I completely fail to see how it wouldn't be considered transformative work
No, you misunderstand. Yes, they can control how the content in the book is used - that’s what copyright is. But they can’t control what I do with the book - I can read it, I can burn it, I can memorize it, I can throw it up on my roof.
My argument is that the is nothing wrong with training an AI with a book - that’s input for the AI, and that is indistinguishable from a human reading it.
Now what the AI does with the content - if it plagiarizes, violates fair use, plagiarizes- that’s a problem, but those problems are already covered by copyright laws. They have no more business saying what can or cannot be input into an AI than they can restrict what I can read (and learn from).

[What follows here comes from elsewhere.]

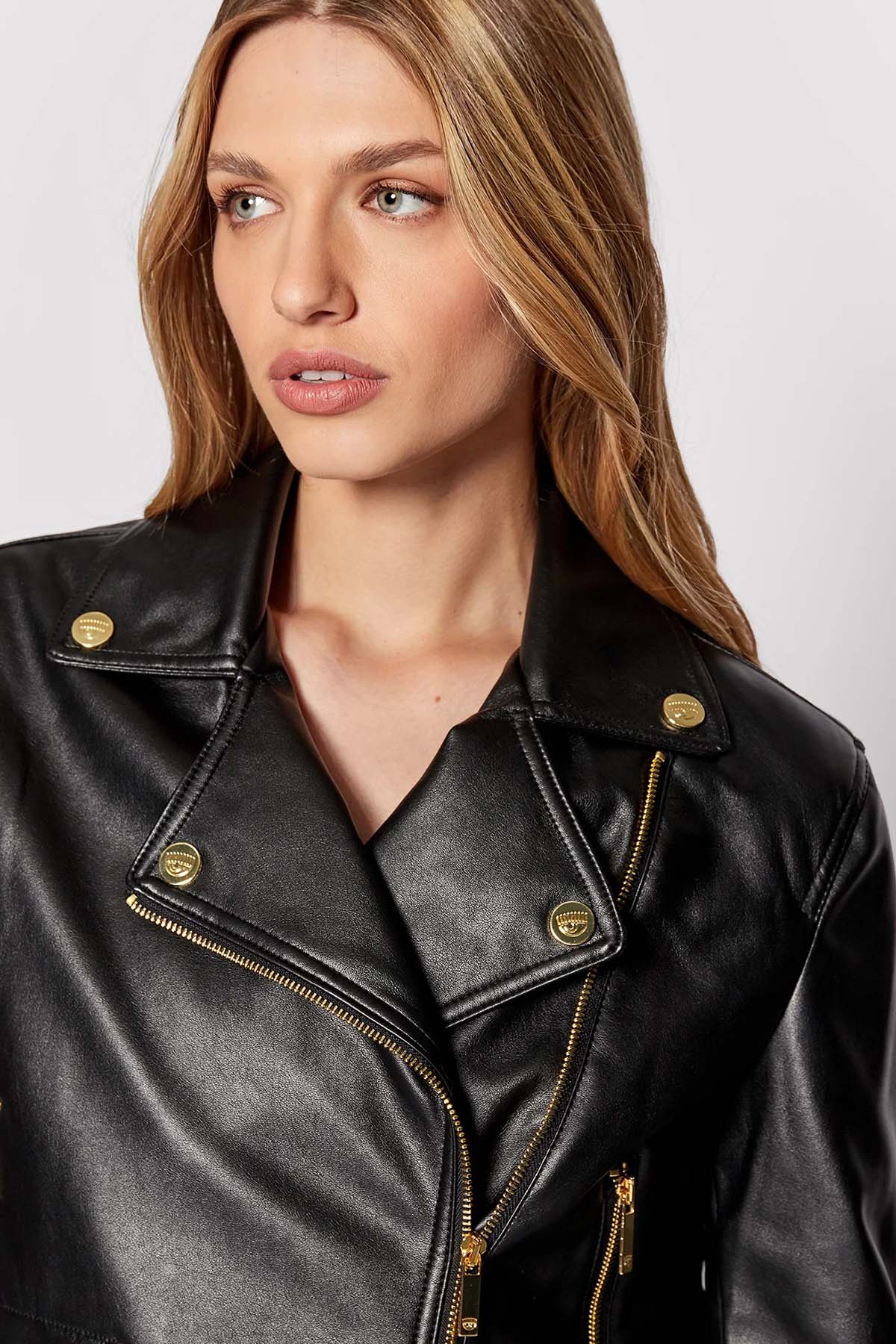 Chiara Ferragni Göz Logolu Deri Ceket-Libas Trendy Fashion Store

They can absolutely enforce their copyright on the output of the AI just like they can if I print copies of their book.
My objection is strictly on the input side, and the output is already restricted.
It's specifically distribution of the work or derivatives that copyright prevents.

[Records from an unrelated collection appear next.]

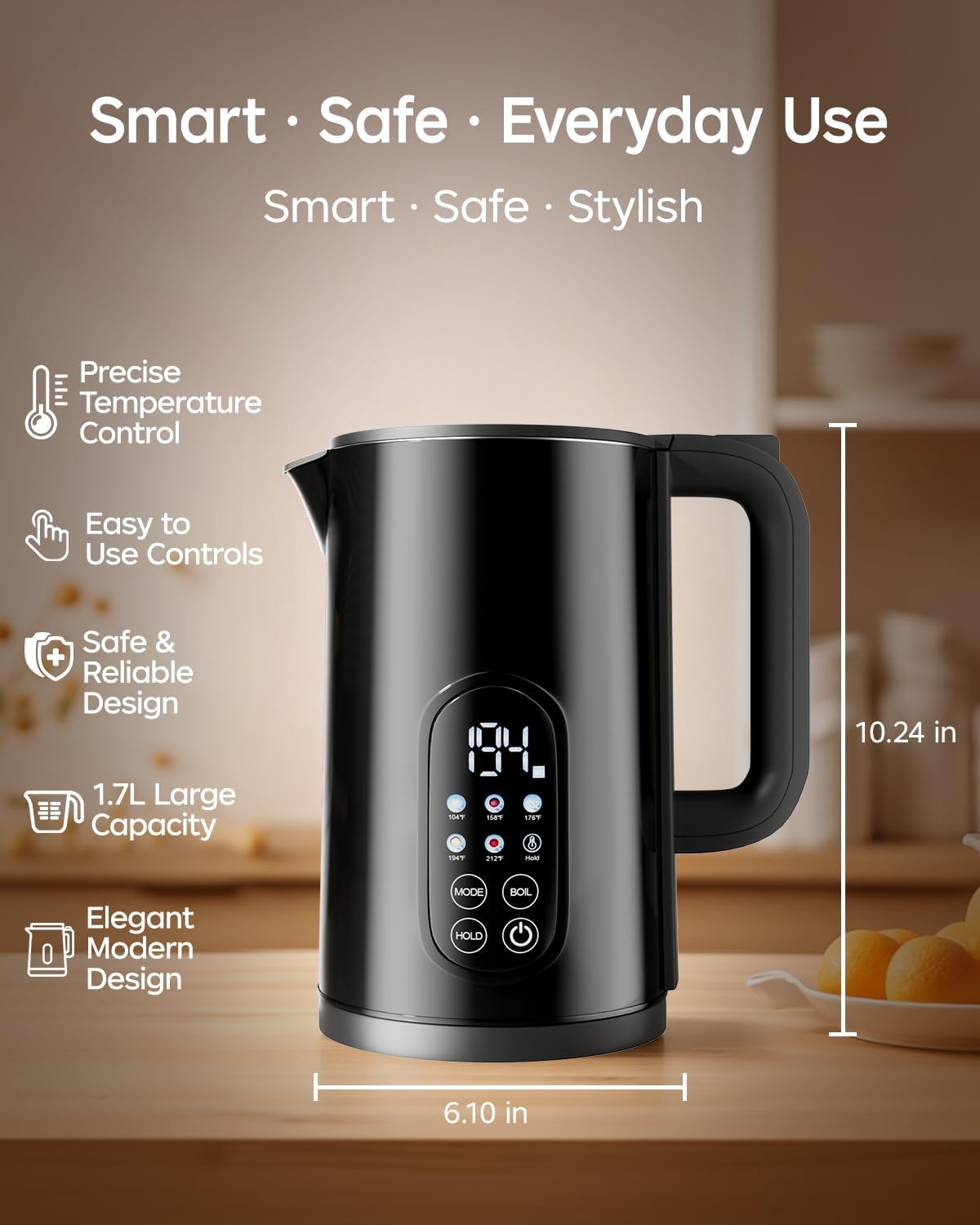 Electric Kettle with Temperature Control, 1.7L Hot Water Kettle for Tea, Coffee & Daily Use, 5 Presets, 2H Keep Warm, Stainless Steel Interior, Auto Shut-Off, Cordless Electric Tea Kettle, Blue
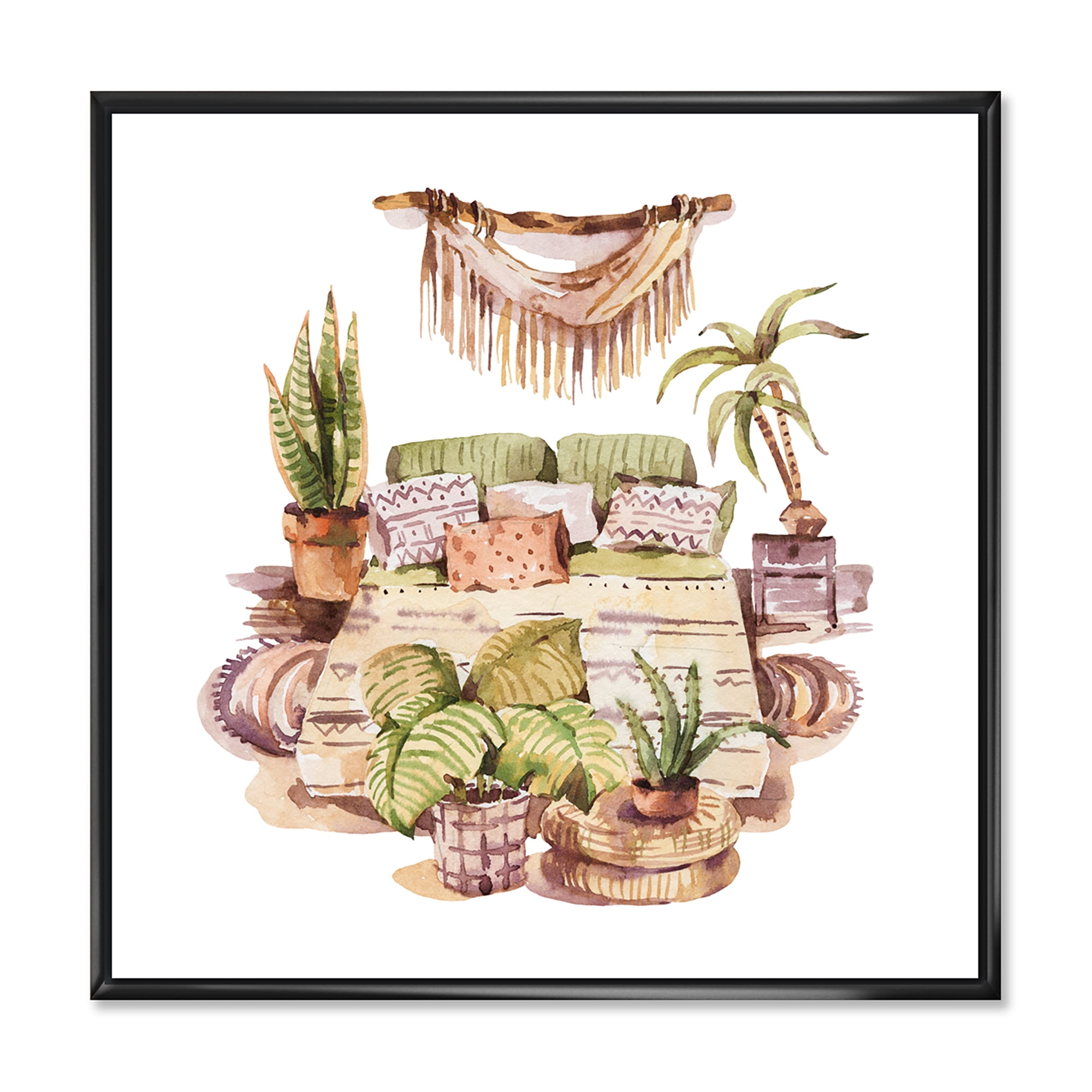 Designart 'Indoor House Plants Urban Jungle in Flowerpots IV' Traditional Framed Canvas Wall Art Print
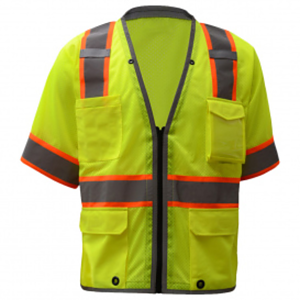 3.8oz. Knitted Class 3 Two Tone Reflective Safety Vest with Dual Mic Tab & 4 Pockets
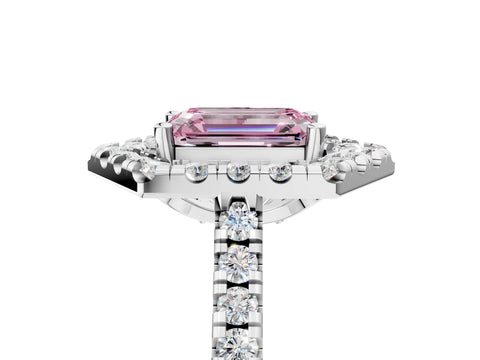 White gold Hexagonal Halo Fancy Pink Emerald Cut Diamond Pavé Band with Four-Prong Setting_17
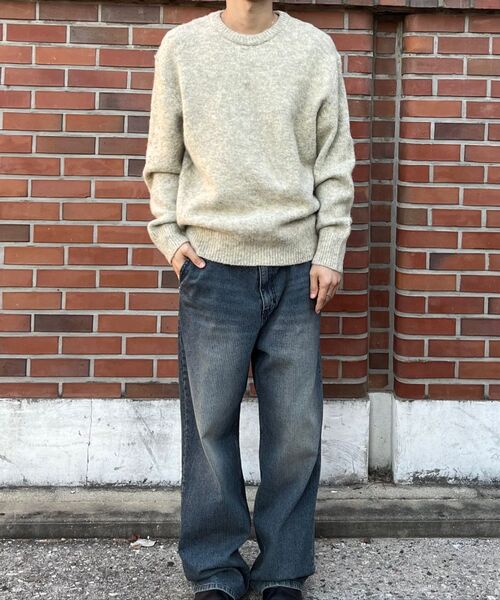 FABREGAT(ファブレガ)の「トリコウールブラシニット (4COLOR)(ニット/セーター・メンズ・ブラック/ダークブラウン/ホワイト×イエロー/チャコール・2/3)」の12枚目の写真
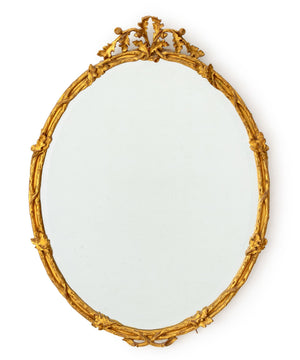 Louis XVI Style Giltwood Oval Beveled Mirror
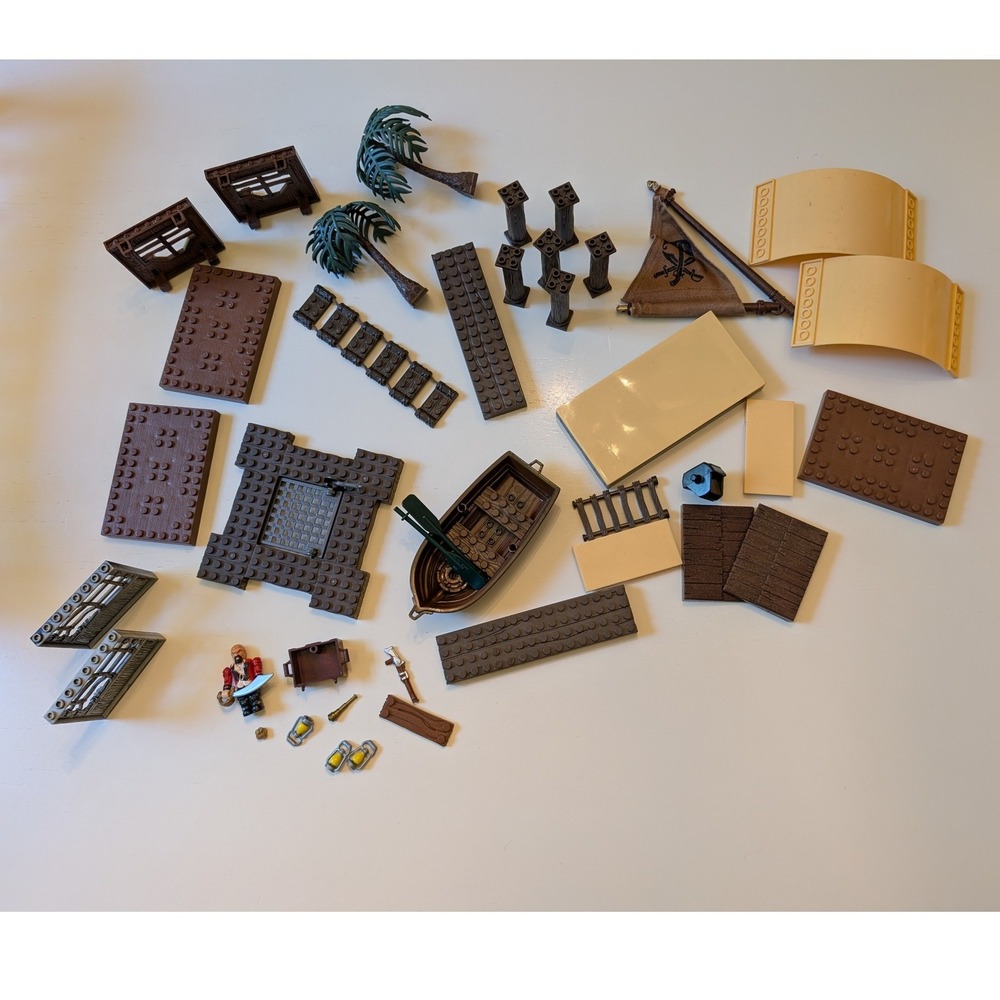 Mega Bloks Pyrates Building Set Mixed Lot Brown Pirate Shipwreck Rowboat Figures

So you could make an argument that an LLM that's memorized the book and can reproduce (parts of) it upon request is infringing. But one that's merely trained on the book, but hasn't memorized it, should be fine.

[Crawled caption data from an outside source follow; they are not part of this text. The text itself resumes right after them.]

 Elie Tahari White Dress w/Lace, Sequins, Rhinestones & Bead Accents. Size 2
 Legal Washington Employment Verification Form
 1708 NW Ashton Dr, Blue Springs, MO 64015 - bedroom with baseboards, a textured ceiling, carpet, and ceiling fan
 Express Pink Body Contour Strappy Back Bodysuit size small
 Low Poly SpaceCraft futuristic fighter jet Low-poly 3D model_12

I asked Bing Chat for the 10th paragraph of the first Harry Potter book, and it gave me this:
"He couldn’t know that at this very moment, people meeting in secret all over the country were holding up their glasses and saying in hushed voices: ‘To Harry Potter – the boy who lived!’"
It looks like technically I might be able to obtain the entire book (eventually) by asking Bing the right questions?
Then this is a copyright violation - it violates any standard for such, and the AI should be altered to account for that.
What I’m seeing is people complaining about content being fed into AI, and I can’t see why that should be a problem (assuming it was legally acquired or publicly available). Only the output can be problematic.
It's an algorithm that's been trained on numerous pieces of media by a company looking to make money of it. I see no reason to give them a pass on fairly paying for that media.
You can see this if you reverse the comparison, and consider what a human would do to accomplish the task in a professional setting. That's all an algorithm is. An execution of programmed tasks.
If I gave a worker a pirated link to several books and scientific papers in the field, and asked them to synthesize an overview/summary of what they read and publish it, I'd get my ass sued. I have to buy the books and the scientific papers. STEM companies regularly pay for access to papers and codes and standards. Why shouldn't an AI have to do the same?
Well, if OpenAI knowingly used pirated work, that's one thing. It seems pretty unlikely and certainly hasn't been proven anywhere.
Of course, they could have done so unknowingly. For example, if John C Pirate published the transcripts of every movie since 1980 on his website, and OpenAI merely crawled his website (in the same way Google does), it's hard to make the case that they're really at fault any more than Google would be.
If I read your book... and get an amazing idea... Turn it into a business and make billions off of it. You still have no right to anything. This is no different.
There's been no proof or evidence provided that ANY content was ever pirated. Has any of the companies even provided the dataset they've used yet?
Why is this the presumption that they did it the illegal way?
This is a little off, when you quote a book you put the name of the book you’re quoting. When you refer to a book, you, um, refer to the book?
I think the gist of these authors complaints is that a sort of “technology laundered plagiarism” is occurring.
Copyright 100% applies to the output of an AI, and it is subject to all the rules of fair use and attribution that entails.
That is very different than saying that you can’t feed legally acquired content into an AI.
That's part of the allegation, but it's unsubstantiated. It isn't entirely coherent.
It's not entirely unsubstantiated. Sarah Silverman was able to get ChatGPT to regurgitate passages of her book back to her.